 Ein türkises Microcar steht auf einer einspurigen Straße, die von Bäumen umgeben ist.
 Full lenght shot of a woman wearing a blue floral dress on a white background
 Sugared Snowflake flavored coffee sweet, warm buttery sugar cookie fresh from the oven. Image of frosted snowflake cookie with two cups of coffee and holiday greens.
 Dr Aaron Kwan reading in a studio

==

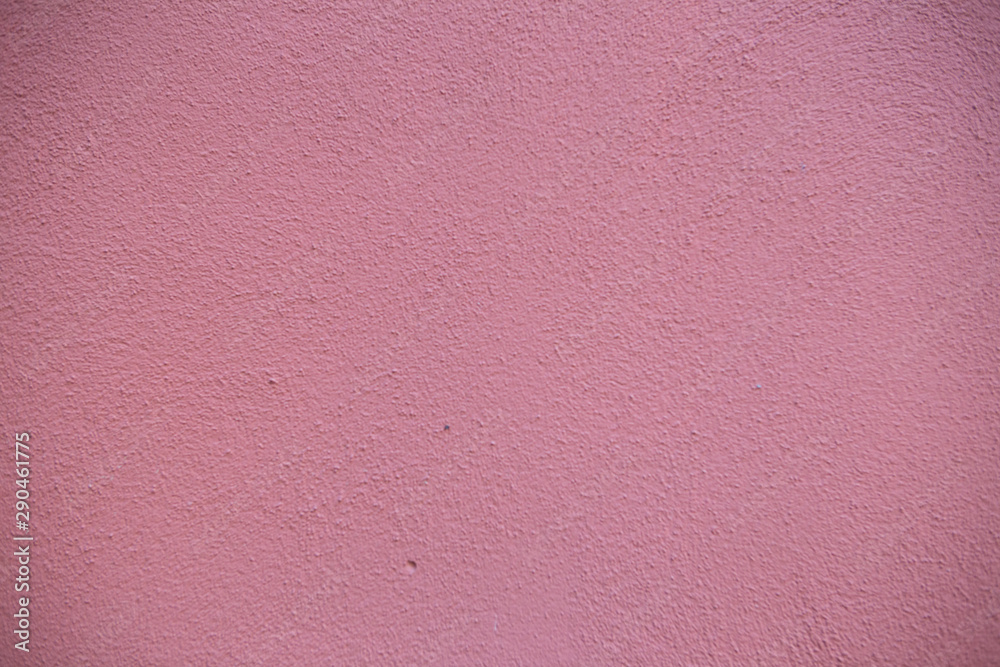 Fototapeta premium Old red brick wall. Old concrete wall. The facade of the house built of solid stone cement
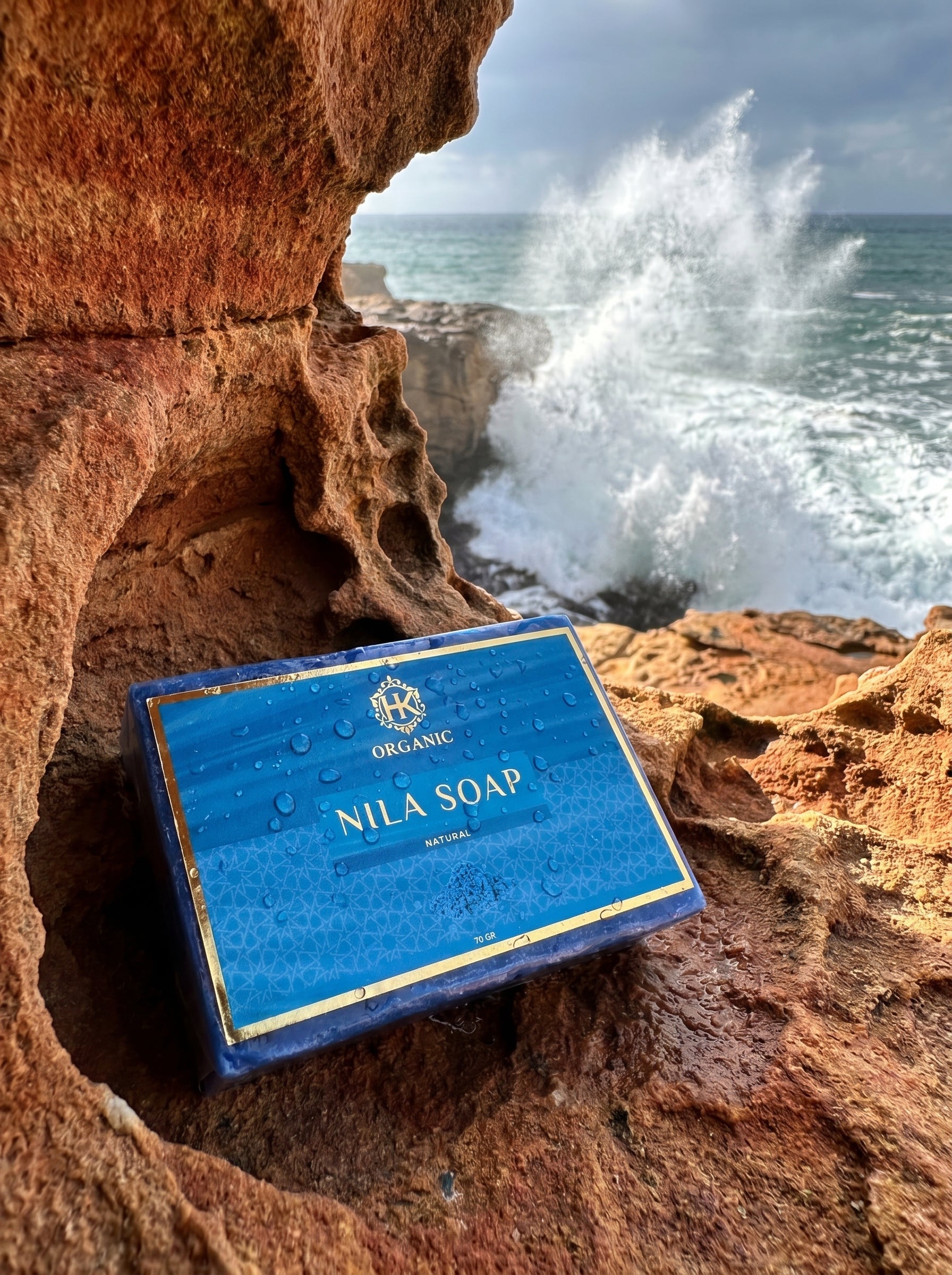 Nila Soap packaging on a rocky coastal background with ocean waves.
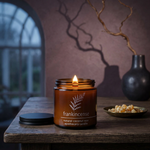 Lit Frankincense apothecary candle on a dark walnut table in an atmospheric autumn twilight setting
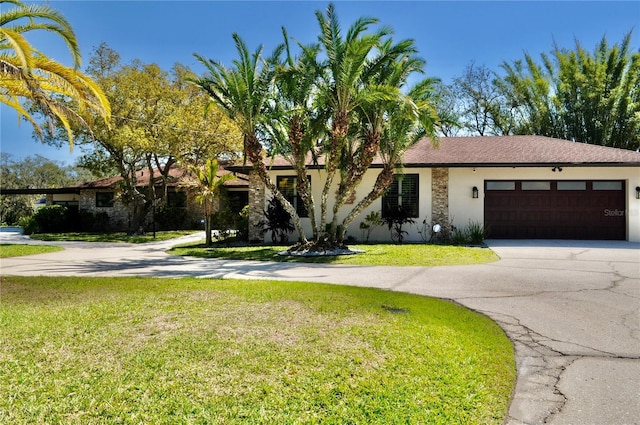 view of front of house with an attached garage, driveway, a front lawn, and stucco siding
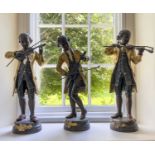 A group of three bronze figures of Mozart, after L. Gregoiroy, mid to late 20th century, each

==

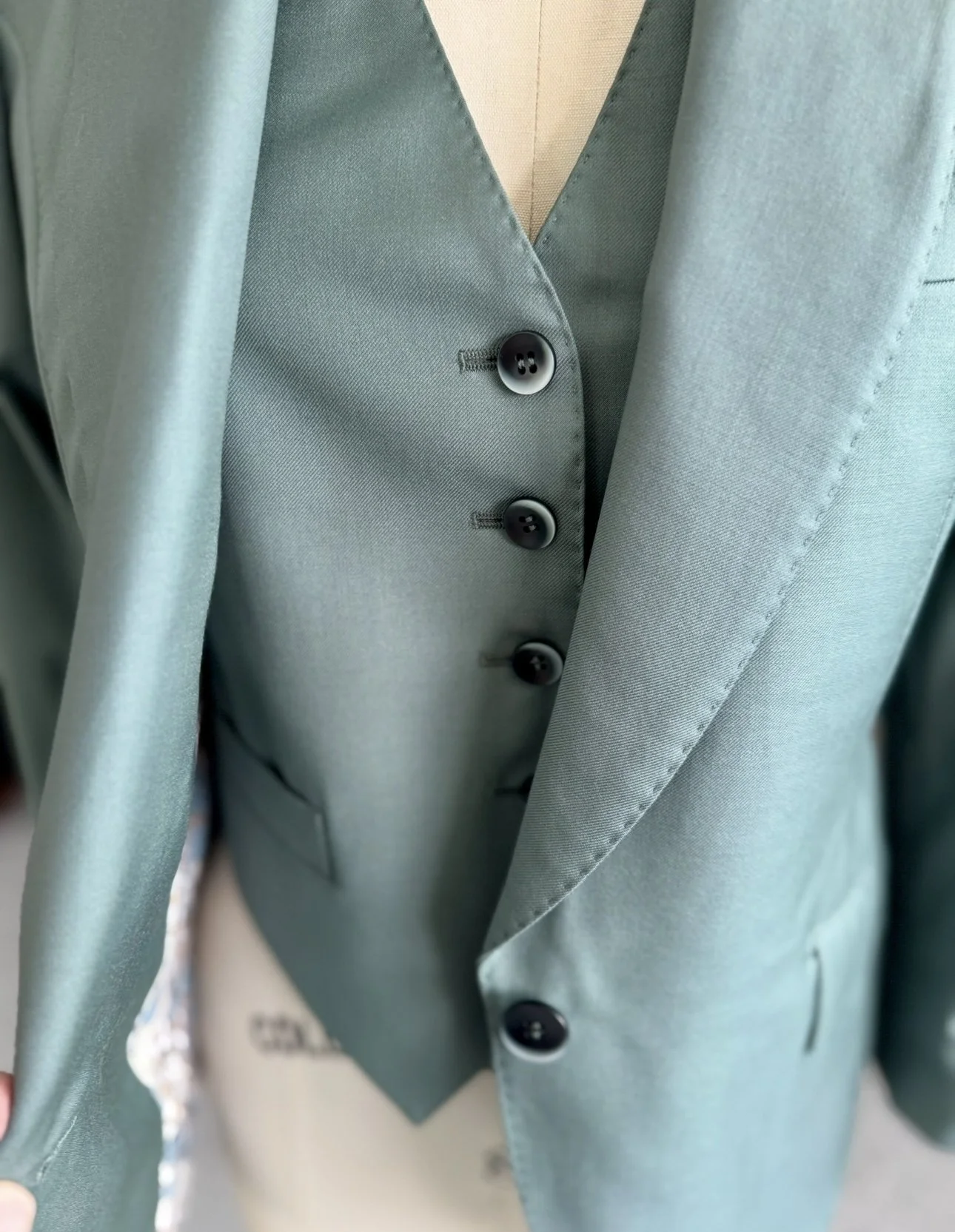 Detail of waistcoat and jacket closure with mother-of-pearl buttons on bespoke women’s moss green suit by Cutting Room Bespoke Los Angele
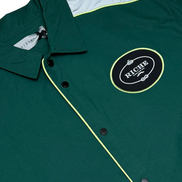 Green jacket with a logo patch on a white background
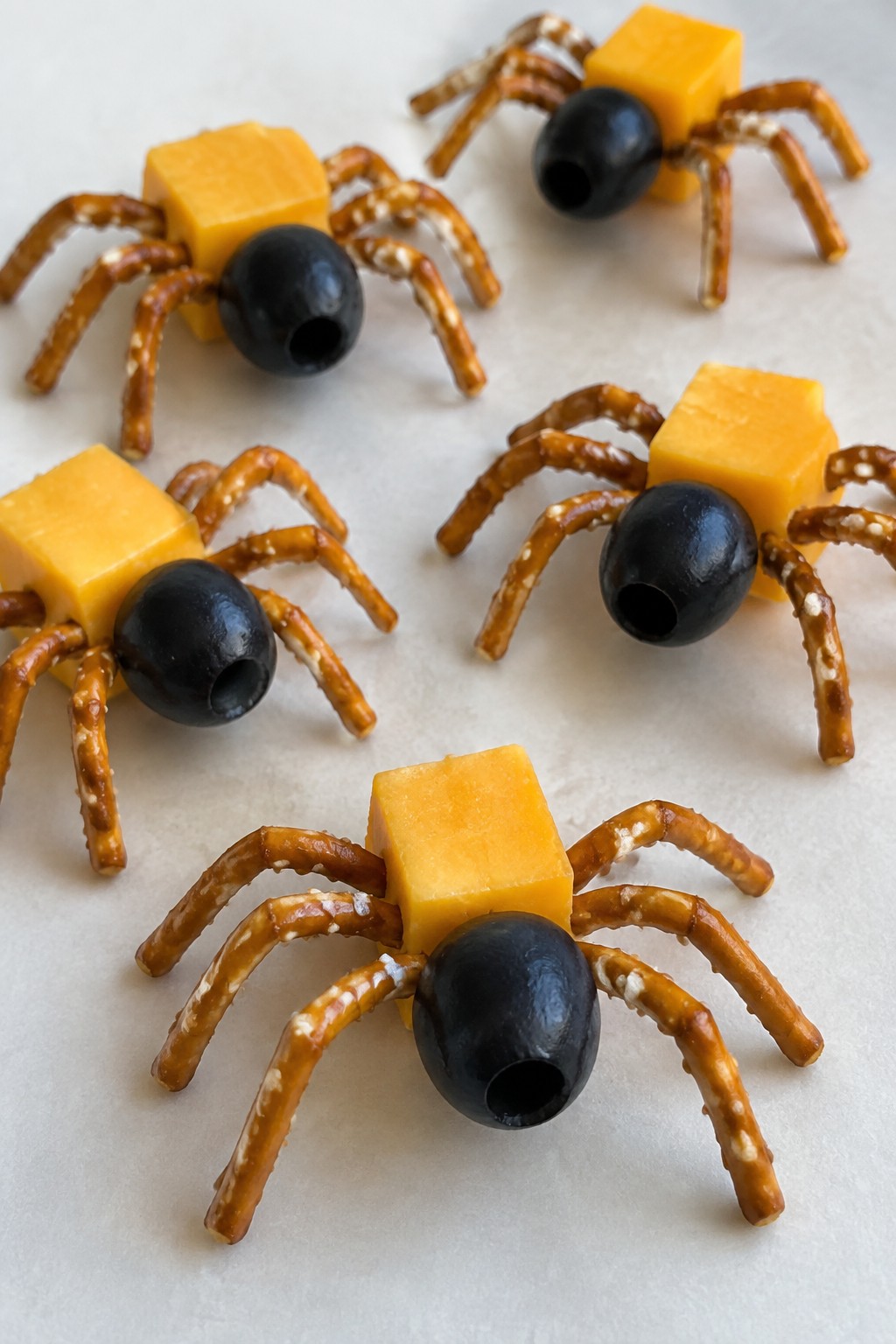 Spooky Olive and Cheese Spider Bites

-- Task instructions --
Set down again, word for word, every line from the one with "Lit Frankincense apothecary" to the one with "A group of three" in the entries above, and omit the pictures.

-- Solution for this problem --
 Lit Frankincense apothecary candle on a dark walnut table in an atmospheric autumn twilight setting
 view of front of house with an attached garage, driveway, a front lawn, and stucco siding
 A group of three bronze figures of Mozart, after L. Gregoiroy, mid to late 20th century, each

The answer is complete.